The toughest thing about garbage time during a college basketball game is watching the patronizing cheers for walk-ons and the gut-busting by the regulars that takes place on the bench when one of the non-scholarship players scores.

Why laugh at them? If they weren’t positively influencing the program in some way, they wouldn’t get a uniform.

The best thing about watching garbage time of Kansas University basketball games against ridiculously overmatched opponents, such as Florida Atlantic University, which played the tomato can Wednesday night in Allen Fieldhouse?

Watching Conner Teahan shoot from beyond NBA 3-point range. Between the time he misfired his first 3-point shot as a college player and the time his rainbow from the left corner just in front of the KU bench glanced off the rim with 15 seconds left in KU’s 87-49 victory against FAU, here was the result of every 3-pointer Teahan took: Swish. Swish. Swish. Swish. Swish. Swish. Swish. Swish. The freshman from Rockhurst High in Kansas City, Mo., made eight in a row.

Named Mr. Show-Me Basketball by the Missouri Coaches Association, Teahan turned down basketball scholarship offers from several Missouri Valley schools and a football scholarship from Tulsa University.

He came to KU and knew he would have to do more than shoot his way into contention for a spot in the rotation. He has a long way to go defensively and as a ballhandler before he gets the meaningful minutes. Meanwhile, he has been so entertaining firing up shots late in games that it pays to stay until the end of blowouts.

Teahan played nine minutes and scored nine points against FAU, and his points-per-minute rate actually dropped. For the season, he has scored 26 points in 23 minutes.

“He can shoot,” coach Bill Self said of Teahan. “Good God he can shoot. And he’s not scared to shoot it. Defensively and some other things he’s got to tighten up a lot. Usually, in tight games I play the guys I trust the most, and I have to develop that with all our young guys. That’s not a knock on him or Cole (Aldrich) or Tyrel (Reed). That’s just the way it is.”
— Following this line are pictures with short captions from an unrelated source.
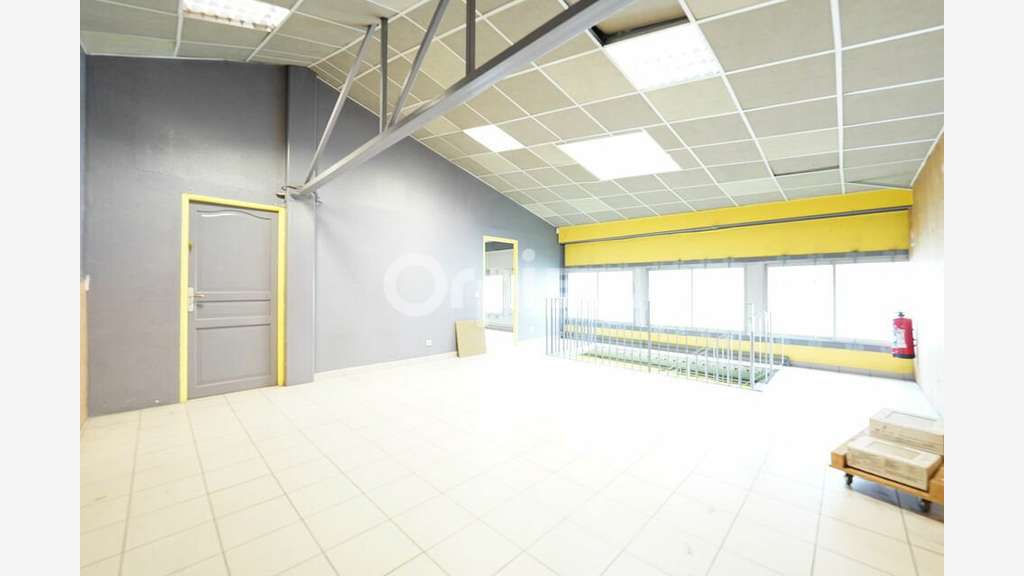 Vente local mixte à louer 215m² à Corbas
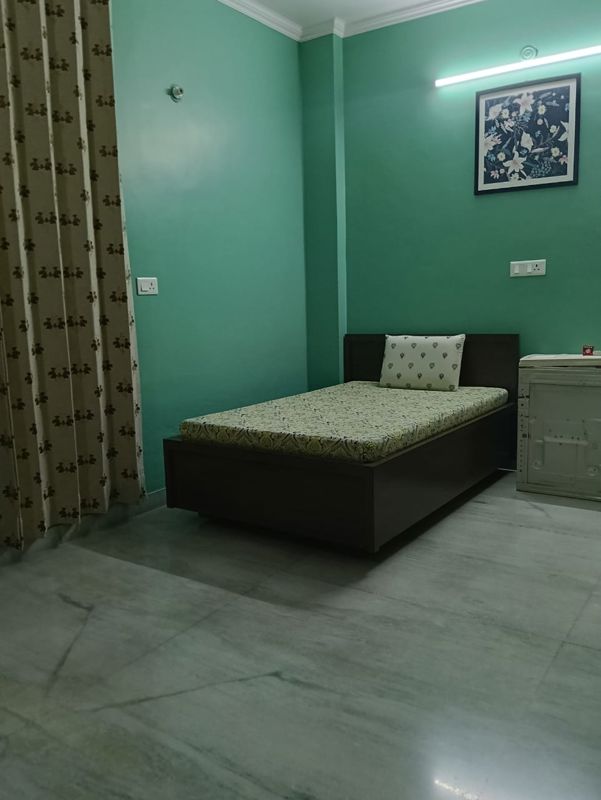 2 BHK for rent in Sector 15, Gurugram — semi-furnished — 1000 sq.ft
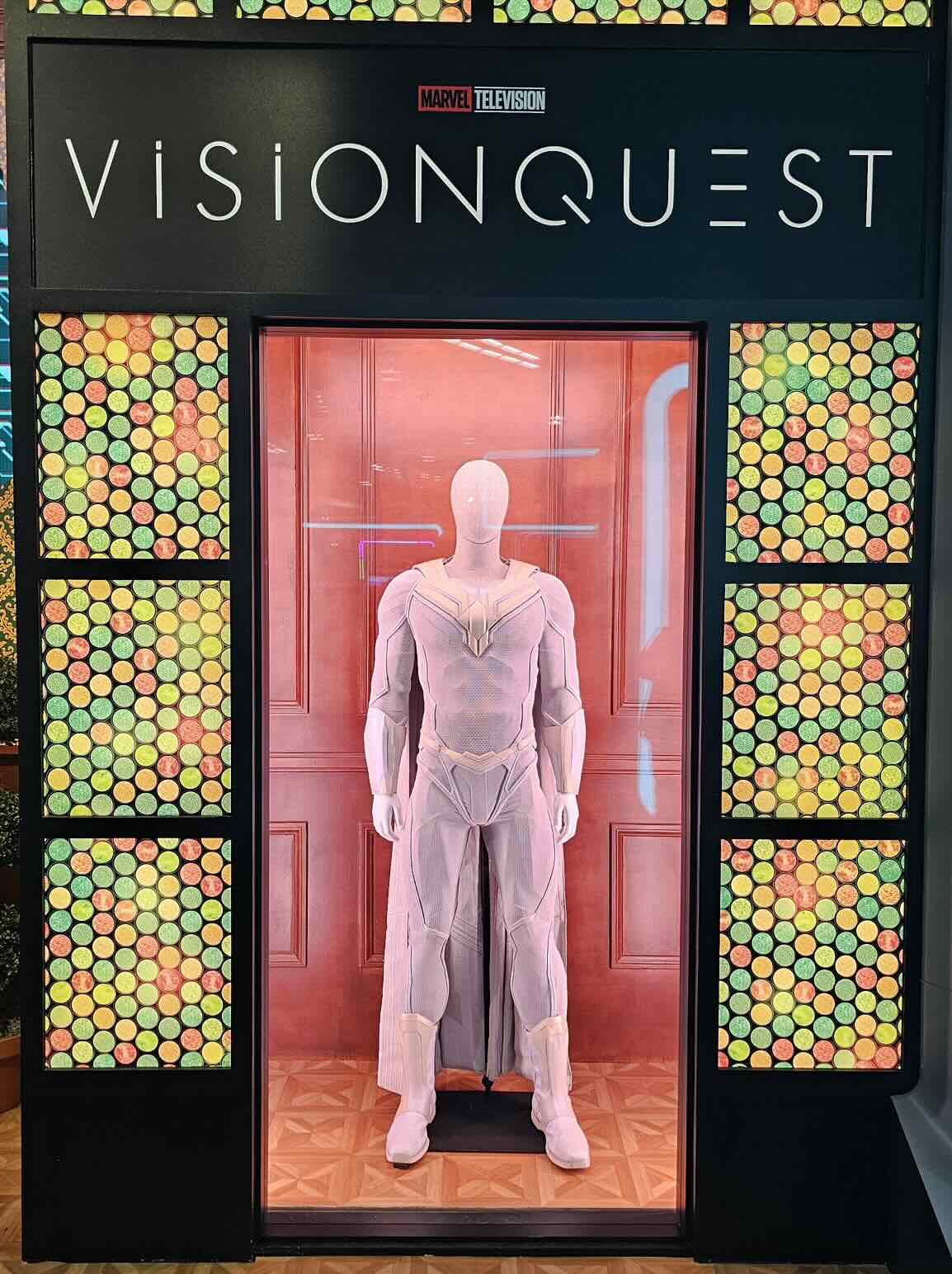 Костюм Белого Вижена с выставки VisionQuest на D23 2026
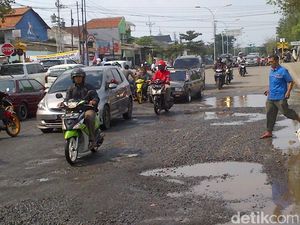 Pemudik Motor Hati-hati Jika Lewat Jalan Kaligawe Semarang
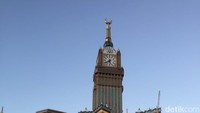 Menara Jam letaknya berdekatan dengan Kakbah dan Masjidil Haram. Hanya terpisah sekitar 200 meter saja.  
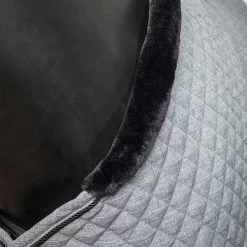 Back On Track Haze Kollektion Gesteppte Stalldecke, 200g (125-135cm) -Reitsportbedarf 333191 G 3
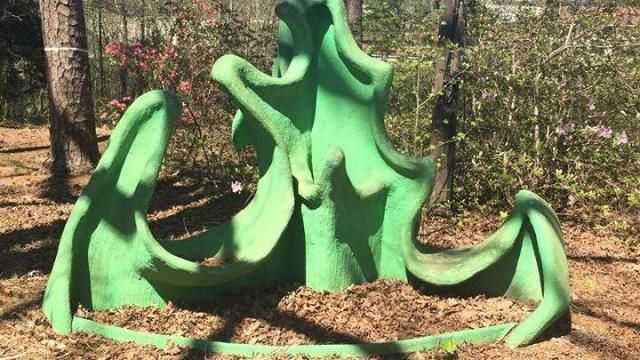 Statue by George Morris at Gotno Farm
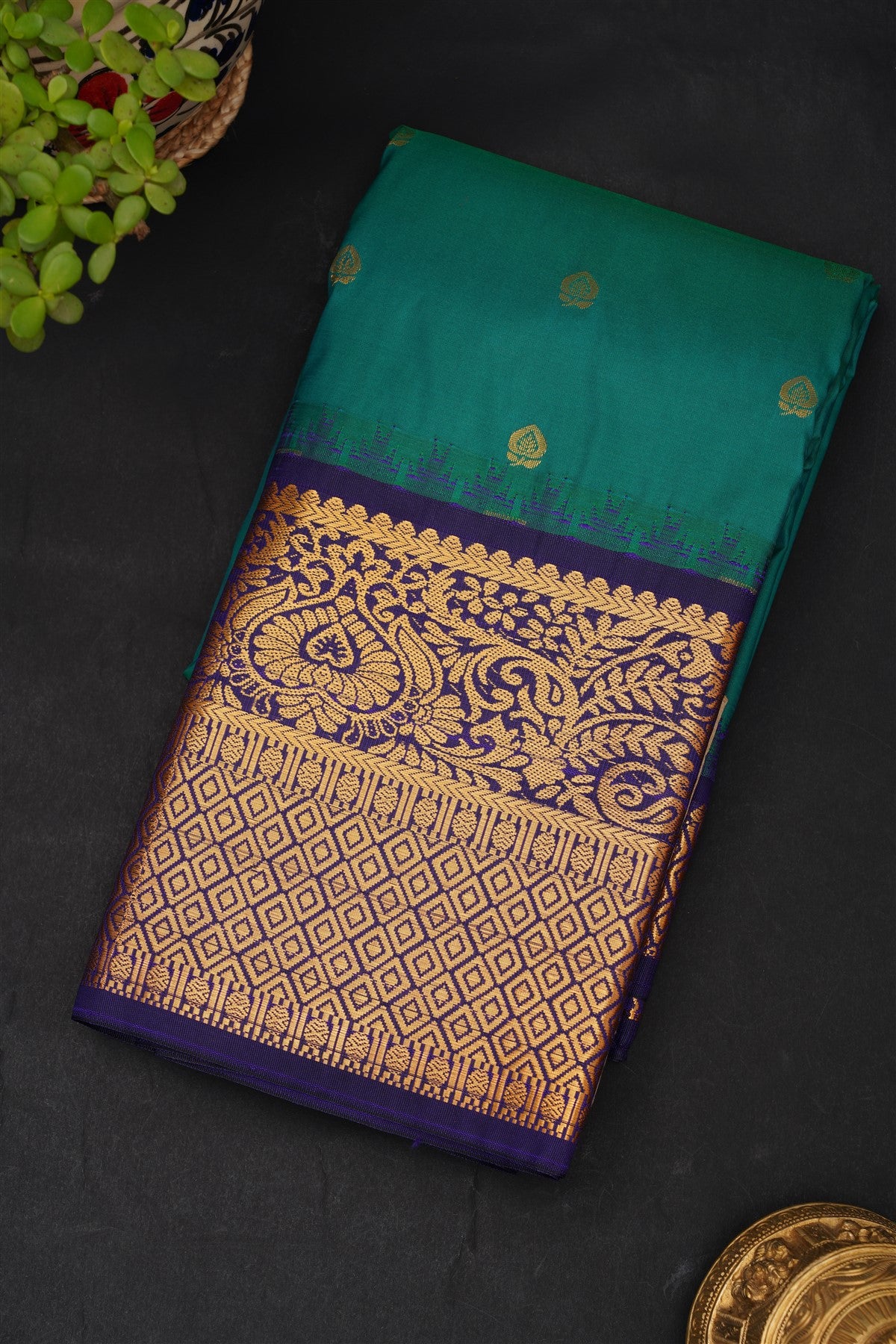 Gadwal Silk Blend Green Saree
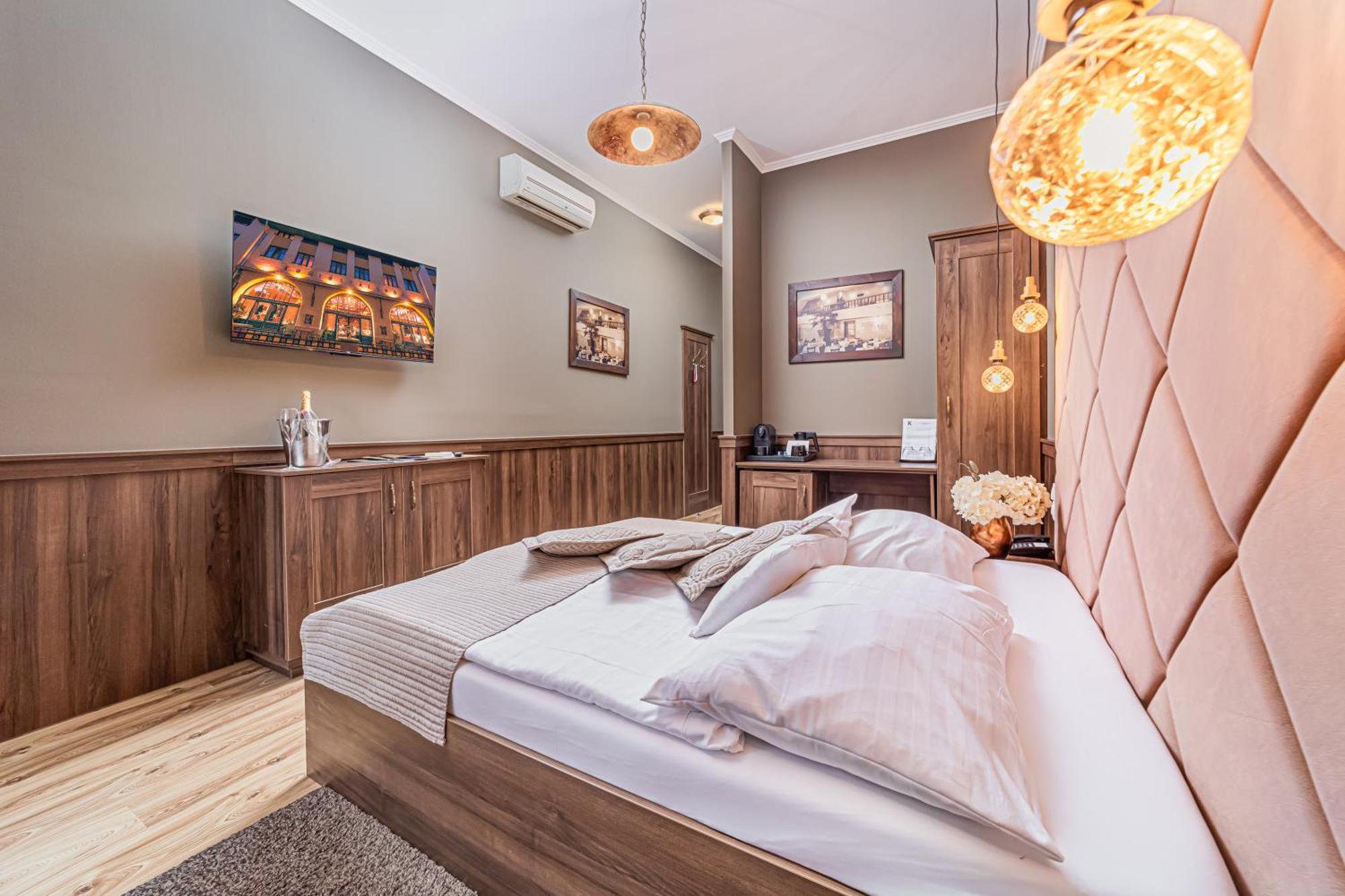 Komlo Hotel Gyula Eksteriør bilde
Reed and Aldrich will get crunch-time minutes before Teahan, but that doesn’t mean Teahan always will be a garbage-time sensation.

“I predict that he’ll be part of our rotation in some way, shape or form during his time here, I just don’t know when that time will be,” Self said.

Teahan averaged 25 points a game during his senior year in high school.

“I knew coming in here I could shoot, and I think they knew that, too, but I have so many more aspects of my game I need to work on,” Teahan said. “Sooner or later, I think I’ll get used to the speed of the game. Defensively is where I need to improve the most, defensively and ballhandling. If I can improve on those things, I think I’ll break into the lineup sooner or later.”

He has become a late-game favorite for all the right reasons, not in a patronizing way.

“I kind of zone out before I shoot it and while I shoot it, but once it goes in and the crowd goes crazy, you can definitely feel it, and it kind of picks you up,” Teahan said.

It’s mutual. He sends them home smiling, not laughing.